Authored by LemonBoy on May 23 2021, 8:52 AM.

Details

Reviewers
jrtc27
MaskRay
Summary
  • Support R_SPARC_GOT13 relocation, completing the support for 32bit PIC model.
  • Support the R_SPARC_GOTDATA_OP_ family of relocations and its optimizations.
  • Reserve a GOT entry as required by the ABI.
  • Emit RELA entries as required by the ABI.
  • Avoid the use of .got.plt.
  • Apply the R_SPARC_JMP_SLOT relocation on PLT entries.

Diff Detail

Event Timeline

LemonBoy created this revision.May 23 2021, 8:52 AM
LemonBoy requested review of this revision.May 23 2021, 8:52 AM
Herald added a project: Restricted Project. · View Herald TranscriptMay 23 2021, 8:52 AM

Please stop putting the rela change into tangentially-related revisions.

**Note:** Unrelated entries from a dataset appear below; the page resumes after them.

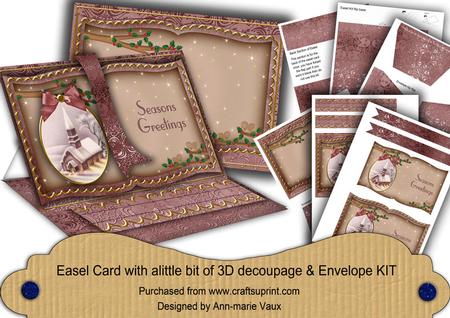 Plum Church Seasons Greetings Easel Book Card & Envelope Kit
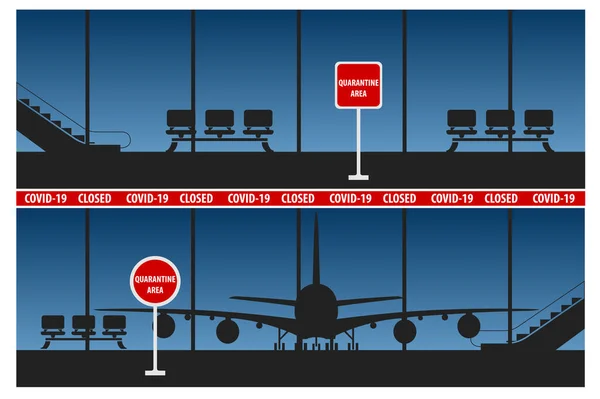 Obszar Kwarantanny Zatrzymać Koncepcję Epidemii Koronawirusów Lotnisko Miejsca Publiczne Zamknięte — Wektor stockowy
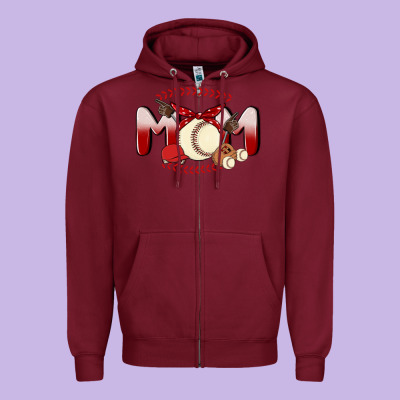 Baseball Mom Zipper Hoodie Designed By Maliassmallbusiness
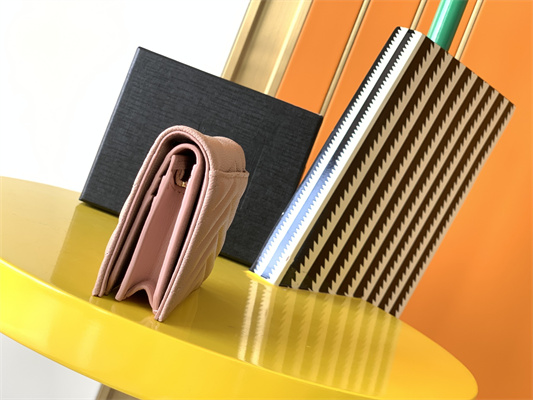 Y.S.L MONOGRAM MATELASS?? WALLET IN GRAIN DE POUDRE EMBOSSED LEATHER Pink Color Gold Tone Metal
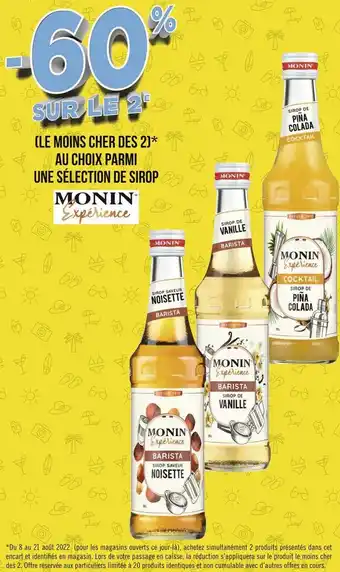 Géant Casino Monin bon plan sur une sélection de sirop de la marque monin offre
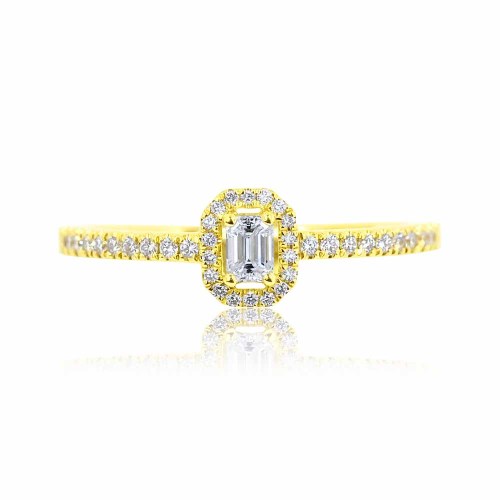 Emerald gyémánt eljegyzési gyűrű - 0,21ct - arany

Commits should be something like:

  1. Fix lld to use rela
  2. Finish GOT support
  3. Add IE TLS
  4. Add LD TLS
  5. Add GD TLS
LemonBoy updated this revision to Diff 347254.May 23 2021, 9:53 AM
LemonBoy edited the summary of this revision. (Show Details)

Depends on D102986.

I dislike that we are fixing these stuff increasingly with so many patches.

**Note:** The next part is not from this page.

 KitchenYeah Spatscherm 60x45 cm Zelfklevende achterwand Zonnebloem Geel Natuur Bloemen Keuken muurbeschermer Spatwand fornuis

See the history of Arch/PPC.cpp - most stuff are implemented with very few commits.

MaskRay requested changes to this revision.May 23 2021, 10:14 AM
This revision now requires changes to proceed.May 23 2021, 10:14 AM

I dislike that we are fixing these stuff increasingly with so many patches.

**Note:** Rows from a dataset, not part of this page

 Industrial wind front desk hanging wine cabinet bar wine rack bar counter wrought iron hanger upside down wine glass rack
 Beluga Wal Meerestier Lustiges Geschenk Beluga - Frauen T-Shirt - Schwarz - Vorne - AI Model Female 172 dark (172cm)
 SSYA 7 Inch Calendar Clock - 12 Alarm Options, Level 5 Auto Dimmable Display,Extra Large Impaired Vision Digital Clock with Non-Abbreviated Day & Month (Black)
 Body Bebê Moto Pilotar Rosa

See the history of Arch/PPC.cpp - most stuff are implemented with very few commits.

I'm getting a bit tired of splitting and merging patches, can we please decide on what the best course of action is and end this suffering?

I dislike that we are fixing these stuff increasingly with so many patches.

See the history of Arch/PPC.cpp - most stuff are implemented with very few commits.

I'm getting a bit tired of splitting and merging patches, can we please decide on what the best course of action is and end this suffering?

Hm, MaskRay makes a good point. I guess my real complaint when I stop and think about it is not combining multiple things into one commit, but having a commit that says "do X" when it's really "do X and Y". One commit that's "fix everything", or two commits "fix everything except TLS" and "finish TLS", seems fine to me, so long as the descriptions are correct and don't sneak in changes that are unrelated to the commit _message_.

MaskRay added a comment.EditedMay 23 2021, 10:39 AM

I think the problem is the existing port is too broken. Aside from that, some relocation types are clearly not tested. Some GOT/PLT relocations are likely not properly tested.
The bar for the initial check-in was too low I'd say.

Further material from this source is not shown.